We think CTT is worth $932m or $2.45 – 60% higher than it is now
At Stocks Down Under, we have built a 10-year DCF model for Cettire. We have taken into account these consensus estimates and:
- Assumed 10% revenue growth after FY26
- Assumed 7% inflation in FY23 and 3% thereafter for most costs except merchant fees and depreciation
- Assumed merchant fees remain ~4.8% of revenue, in lin e with past trends.
- Used an 11.07% WAAC consisting of a 1.5x beta, a 5% equity premium and a 3.6% risk-free rate of return, as well as a 2% terminal growth rate.
We derive a value of $932.8m, which equates to $2.45 – a 60% premium to the current share price.

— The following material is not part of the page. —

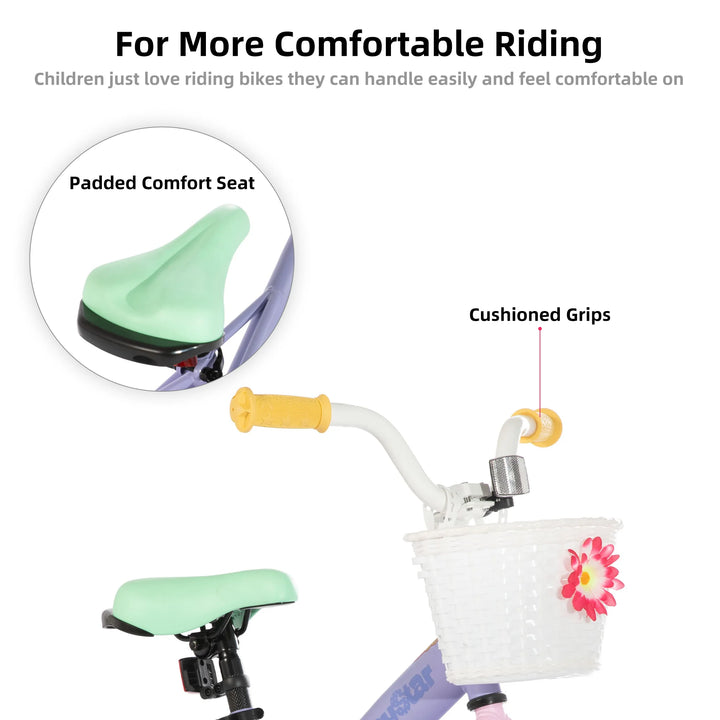 JOYSTAR Macaron Girls Bike Rainbow Bike JOYSTAR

The key challenge facing Cettire, and the determinant as to whether or not it can create shareholder value, is that it can continue to grow revenues while still becoming profitable.
Its 1HY23 results are a good indication that it is on track, although there is risk that it could be derailed in its attempts.
This could be the case if economic conditions worsen to the point that high-end fashion does become affected.
Cettire looks like a good opportunity, but needs to maintain growth and grow profitably
Overall, we think Cettire represents a good opportunity for investors.
Unlike other eCommerce outlets, it has been able to maintain growth even as consumers return to brick and mortar retailers and inflation remains at 4-decade highs.
It is not exposed to many costs that other fashion companies are exposed to such as manufacturing costs and high inventory levels.
However, the company needs to maintain its high levels of growth, while still becoming profitable. And even though the company is on track, it is no certainty that it will be able to remain on track.